Kemudian pengganti Samsidar, Andi Muhammad Guntur, juga demikian. Meski ia terbilang cekatan, berhasil memblok satu tendangan penalti, namun Andi melakukan kesalahan beberapa kali, yakni memegang bola di luar kotak gawang. Di sini menunjukkan bahwa Andi kurang pengalaman.

Dalih PSSI memberi kesempatan kepada pemain muda untuk mencari pengalaman, baik-baik saja. Namun kalau pemain masih sangat muda, usia di bawah umur 23 dan umur 21, diberi kesempatan bertanding sekelas Piala Dunia itu sangat ceroboh sekali. Seharusnya mereka diberi kesempatan bertanding untuk lingkup Asia Tenggara. Di sini PSSI terlalu bernafsu mengejar pembinaan.

PSSI mungkin mengaca bahwa negara-negara di Eropa dan Amerika Latin memberi kesempatan kepada pemain-pemain muda untuk bermain di tim nasional sepakbolanya. Namun PSSI tidak melihat bahwa mereka bisa main dalam tim nasionalnya karena para pemain muda itu memiliki bakat, talenta, dan pengalaman yang luar biasa. Lionel Messi yang masih muda bisa masuk Tim Nasional Argentina karena memiliki bakat, talenta, dan pengalaman yang luar biasa. Demikian juga Mesut Ozil, pemain muda dan naturalisasi, bisa masuk dalam Tim Nasional Jerman karena juga memiliki bakat, talenta, dan pengalaman yang luar biasa.

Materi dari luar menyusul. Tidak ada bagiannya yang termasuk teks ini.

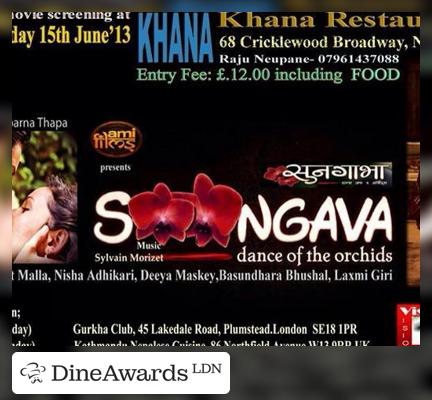 Advertisement - Khana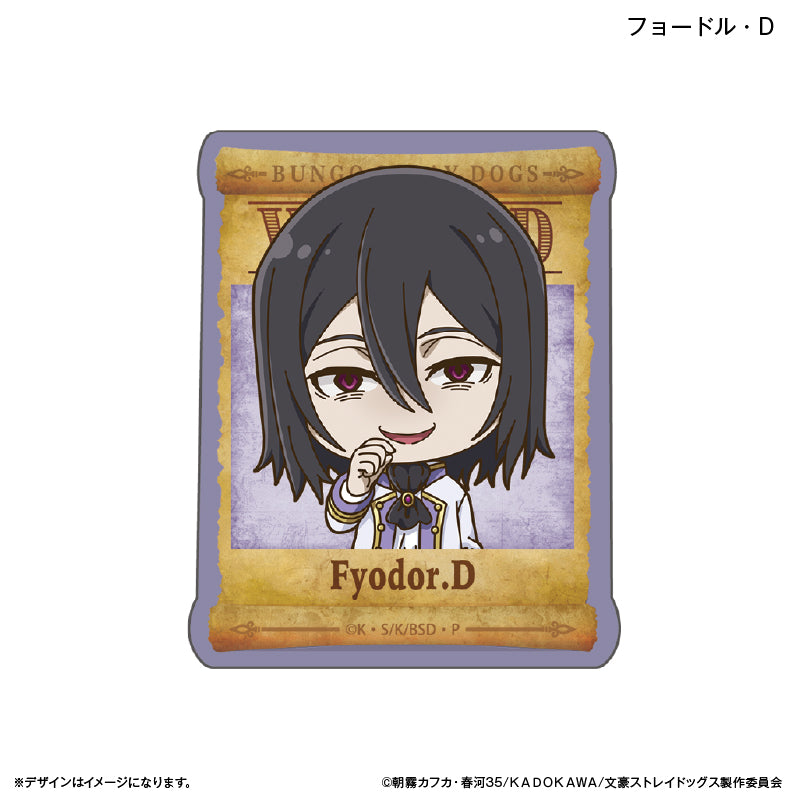 【予約商品】ステッカー フョードル・D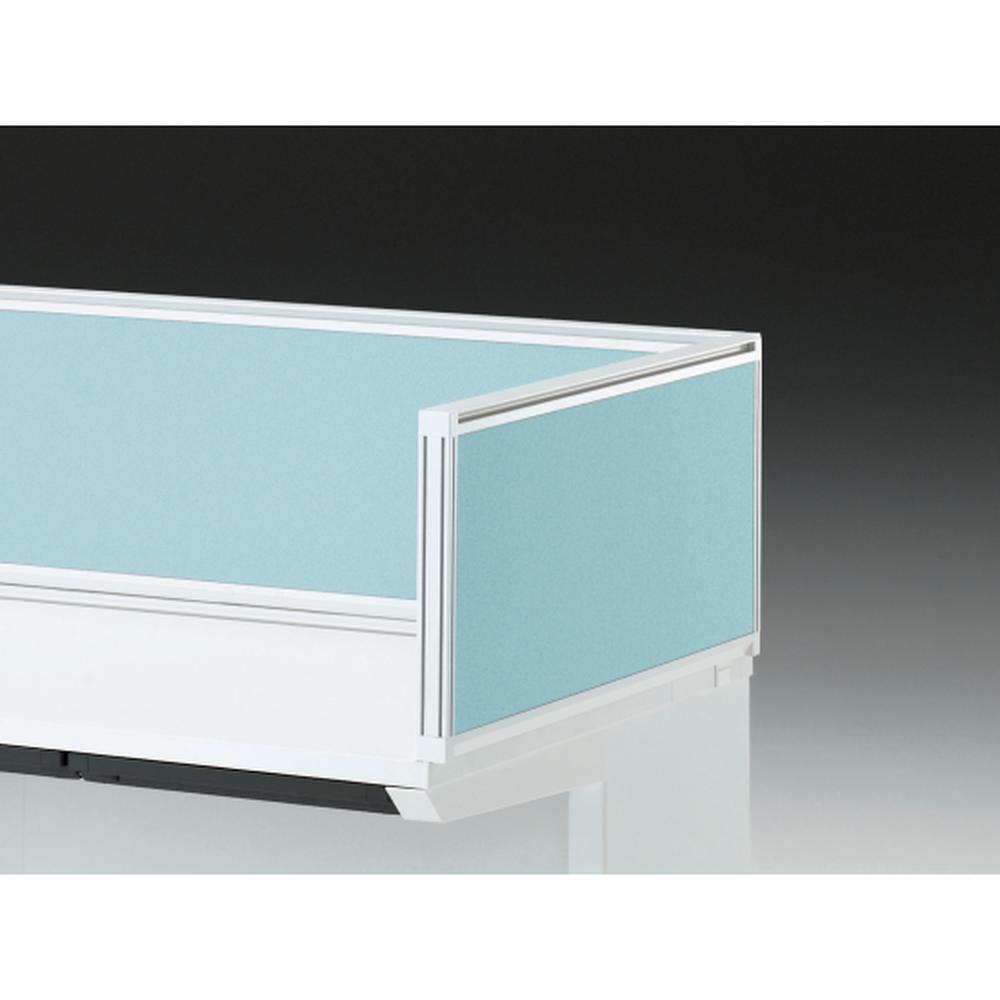 CZRデスク 机上サイドパネル D700用 机上320 布地FR CZR-073XDR-9S4 ［W9×ターコイズブルー］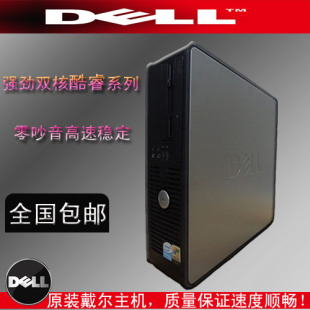 DELL 755高端四核Q8300/4G内存/320硬盘/真实高端独立显卡1G/DVD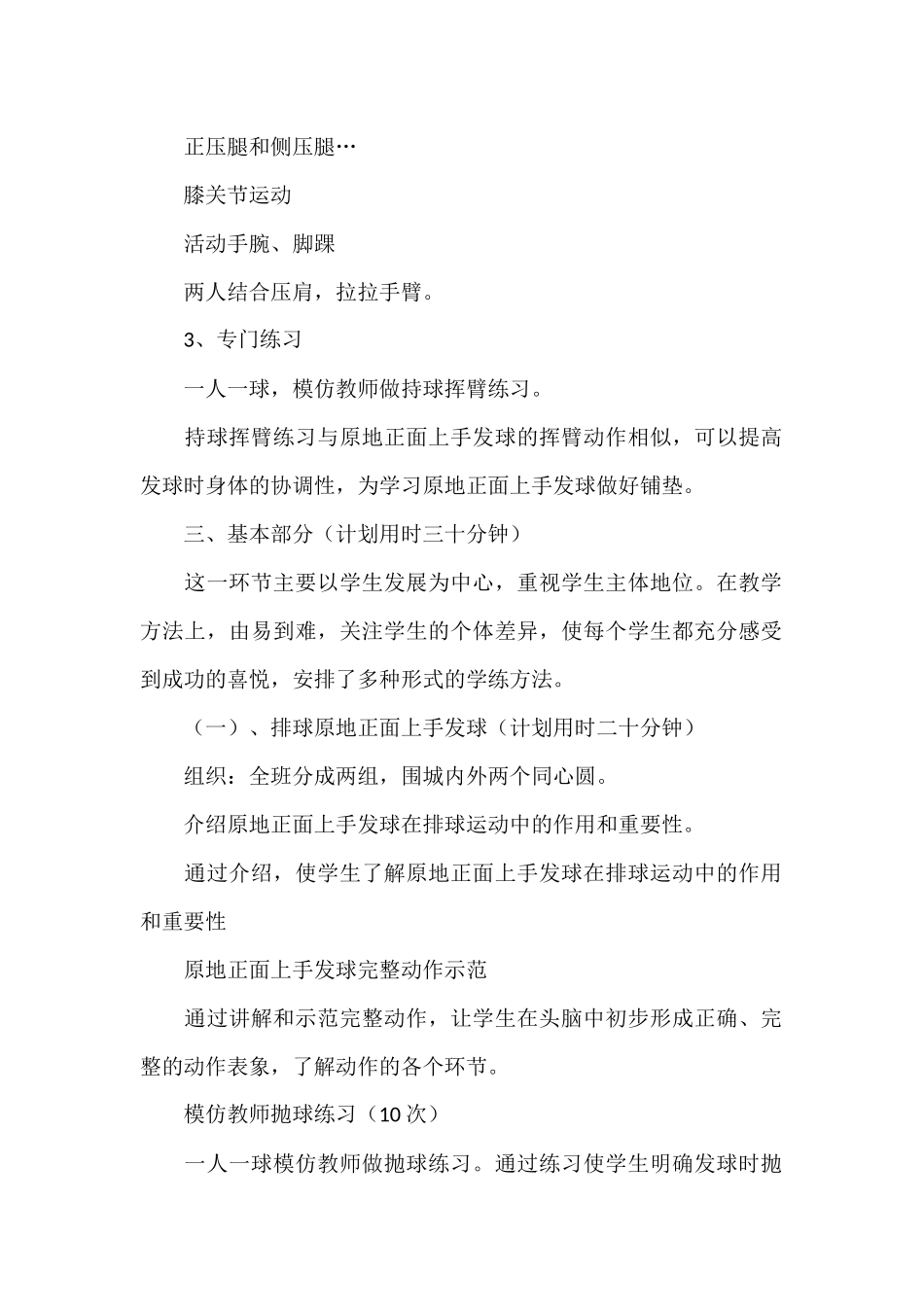 教案排球上手发球_第2页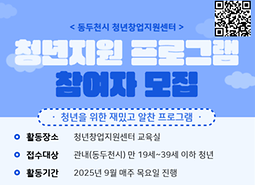 [동두천시 청년창업지원센터] 청년지원 프로그램 참여자 모집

Investigasi yang hendak dilakukan FIFA merupakan langkah yang baik dan perlu kita dukung. Investigasi itu bisa mengungkap ‘sepakbola gajah’ yang dilakukan El Haddad dan BFA (Bahrain Football Association). Bila sepakbola gajah terungkap, maka El Haddad dan BFA bisa dikenai sanksi. Dan mereka pantas menerima sanksi karena tidak sportif dalam kancah sepakbola tertinggi di dunia. Merusak citra sportifitas olahraga.

Sepakbola Gajah adalah istilah yang popular di tahun 1988. Dalam wikipedia disebut saat menjuarai Kompetisi Perserikatan pada tahun 1988, Persebaya memainkan pertandingan yang terkenal dengan istilah sepak bola gajah karena mengalah kepada Persipura Jayapura 0-12, untuk menyingkirkan saingan mereka PSIS Semarang yang pada tahun sebelumnya memupuskan impian Persebaya di final kompetisi perserikatan. Taktik ini setidaknya membawa hasil dan Persebaya berhasil menjadi juara perserikatan tahun 1988 dengan menyingkirkan Persija 3 – 1.

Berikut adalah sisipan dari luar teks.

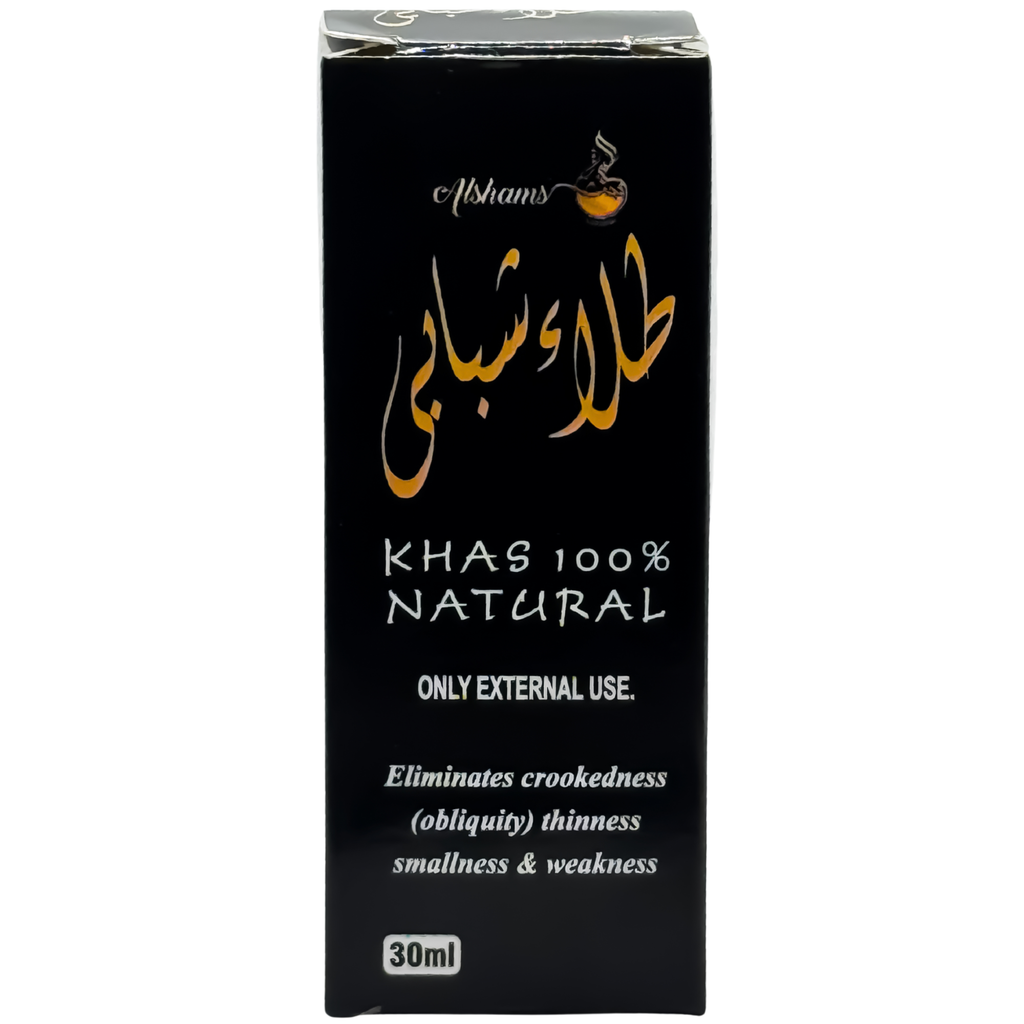 ALSHAMS TALA SHABABI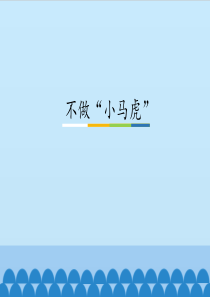 一年级下册课件道德与法制4不做小马虎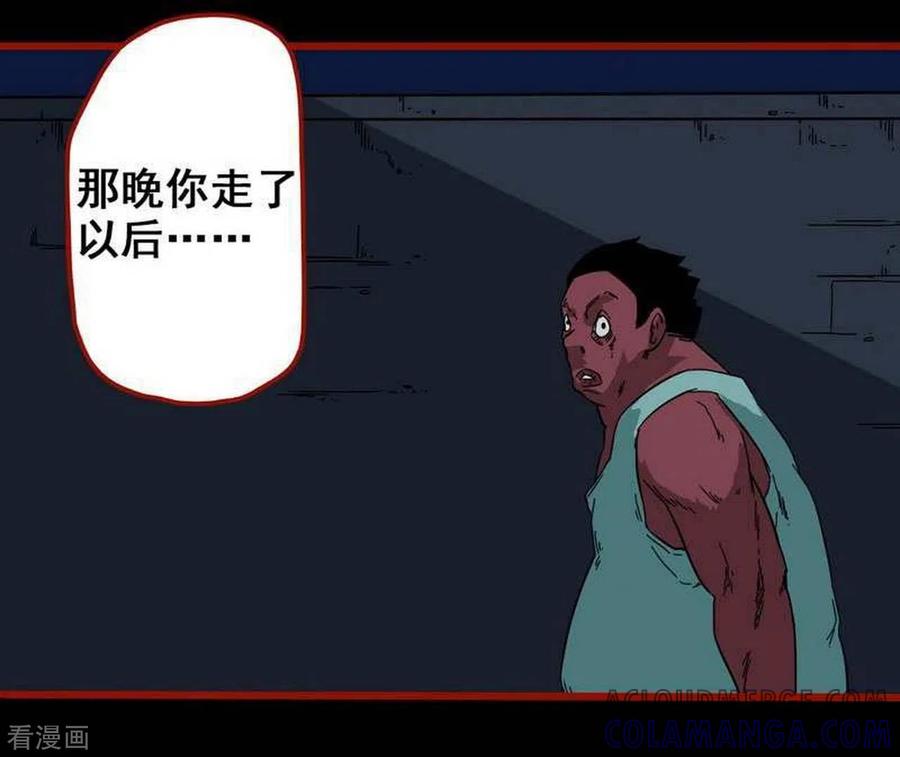 第7话24罗刹-嘤咛客栈-星际互娱（第11张）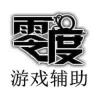广东网友43151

Namun investigasi FIFA itu bila tidak diantisipasi oleh pengurus PSSI juga akan bisa menjatuhkan hukuman kepada Indonesia. Investigasi FIFA pasti tidak hanya kepada El Haddad dan BFA, namun juga kepada PSSI. Investigasi FIFA akan mempertanyakan mengapa Indonesia bisa kalah telak. Dari investigasi itu, FIFA akan menemukan fakta bahwa pelatih tim nasional Indonesia tidak memiliki banyak pilihan dalam menyusun skuad. Ini bisa terjadi karena adanya kekisruhan dalam kepengurusan PSSI dengan bukti lahirnya dua sistem kompetisi, ISL dan IPL. Investigasi FIFA ke Indonesia bisa menyimpulkan bahwa Indonesia sendiri tidak serius dalam membangun tim yang handal.

Banyaknya pemain yang mempunyai talenta, bakat, dan pengalaman, namun karena ada kekisruhan menyebabkan tidak bisanya Indonesia menyusun tim nasional yang kuat, sehingga bisa kalah telak dengan Bahrain. Masalah-masalah yang ada di PSSI, bisa membuat FIFA menjatuhkan sanksi.